◆ Work to complete: Return the data that follows exactly. Include every line.

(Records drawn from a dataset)

══════════════════════════════

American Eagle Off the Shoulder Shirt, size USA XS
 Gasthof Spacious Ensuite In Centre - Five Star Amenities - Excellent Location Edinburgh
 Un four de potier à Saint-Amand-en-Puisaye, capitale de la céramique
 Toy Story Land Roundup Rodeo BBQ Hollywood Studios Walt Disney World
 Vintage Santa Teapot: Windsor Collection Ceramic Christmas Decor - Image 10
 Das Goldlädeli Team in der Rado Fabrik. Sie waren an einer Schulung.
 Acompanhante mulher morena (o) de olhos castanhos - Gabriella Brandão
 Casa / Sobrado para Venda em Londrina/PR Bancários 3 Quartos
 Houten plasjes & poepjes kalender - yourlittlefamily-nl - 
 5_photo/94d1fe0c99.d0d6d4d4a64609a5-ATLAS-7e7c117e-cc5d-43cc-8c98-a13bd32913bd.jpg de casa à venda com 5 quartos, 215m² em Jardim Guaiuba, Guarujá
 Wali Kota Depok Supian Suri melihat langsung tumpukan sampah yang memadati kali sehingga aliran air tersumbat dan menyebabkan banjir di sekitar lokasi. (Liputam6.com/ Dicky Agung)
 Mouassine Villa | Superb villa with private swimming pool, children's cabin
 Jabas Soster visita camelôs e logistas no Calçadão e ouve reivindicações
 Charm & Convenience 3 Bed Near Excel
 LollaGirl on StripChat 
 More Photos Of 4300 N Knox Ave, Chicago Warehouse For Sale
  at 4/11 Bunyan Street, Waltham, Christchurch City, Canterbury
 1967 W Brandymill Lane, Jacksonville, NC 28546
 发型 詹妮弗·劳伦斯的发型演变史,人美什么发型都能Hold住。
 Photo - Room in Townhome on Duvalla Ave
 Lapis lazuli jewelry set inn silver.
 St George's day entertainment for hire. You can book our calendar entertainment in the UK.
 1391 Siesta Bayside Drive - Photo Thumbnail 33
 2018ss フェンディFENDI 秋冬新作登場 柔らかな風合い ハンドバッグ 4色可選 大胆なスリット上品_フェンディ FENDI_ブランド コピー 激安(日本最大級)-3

══════════════════════════════

◆ Task answer:
American Eagle Off the Shoulder Shirt, size USA XS
 Gasthof Spacious Ensuite In Centre - Five Star Amenities - Excellent Location Edinburgh
 Un four de potier à Saint-Amand-en-Puisaye, capitale de la céramique
 Toy Story Land Roundup Rodeo BBQ Hollywood Studios Walt Disney World
 Vintage Santa Teapot: Windsor Collection Ceramic Christmas Decor - Image 10
 Das Goldlädeli Team in der Rado Fabrik. Sie waren an einer Schulung.
 Acompanhante mulher morena (o) de olhos castanhos - Gabriella Brandão
 Casa / Sobrado para Venda em Londrina/PR Bancários 3 Quartos
 Houten plasjes & poepjes kalender - yourlittlefamily-nl - 
 5_photo/94d1fe0c99.d0d6d4d4a64609a5-ATLAS-7e7c117e-cc5d-43cc-8c98-a13bd32913bd.jpg de casa à venda com 5 quartos, 215m² em Jardim Guaiuba, Guarujá
 Wali Kota Depok Supian Suri melihat langsung tumpukan sampah yang memadati kali sehingga aliran air tersumbat dan menyebabkan banjir di sekitar lokasi. (Liputam6.com/ Dicky Agung)
 Mouassine Villa | Superb villa with private swimming pool, children's cabin
 Jabas Soster visita camelôs e logistas no Calçadão e ouve reivindicações
 Charm & Convenience 3 Bed Near Excel
 LollaGirl on StripChat 
 More Photos Of 4300 N Knox Ave, Chicago Warehouse For Sale
  at 4/11 Bunyan Street, Waltham, Christchurch City, Canterbury
 1967 W Brandymill Lane, Jacksonville, NC 28546
 发型 詹妮弗·劳伦斯的发型演变史,人美什么发型都能Hold住。
 Photo - Room in Townhome on Duvalla Ave
 Lapis lazuli jewelry set inn silver.
 St George's day entertainment for hire. You can book our calendar entertainment in the UK.
 1391 Siesta Bayside Drive - Photo Thumbnail 33
 2018ss フェンディFENDI 秋冬新作登場 柔らかな風合い ハンドバッグ 4色可選 大胆なスリット上品_フェンディ FENDI_ブランド コピー 激安(日本最大級)-3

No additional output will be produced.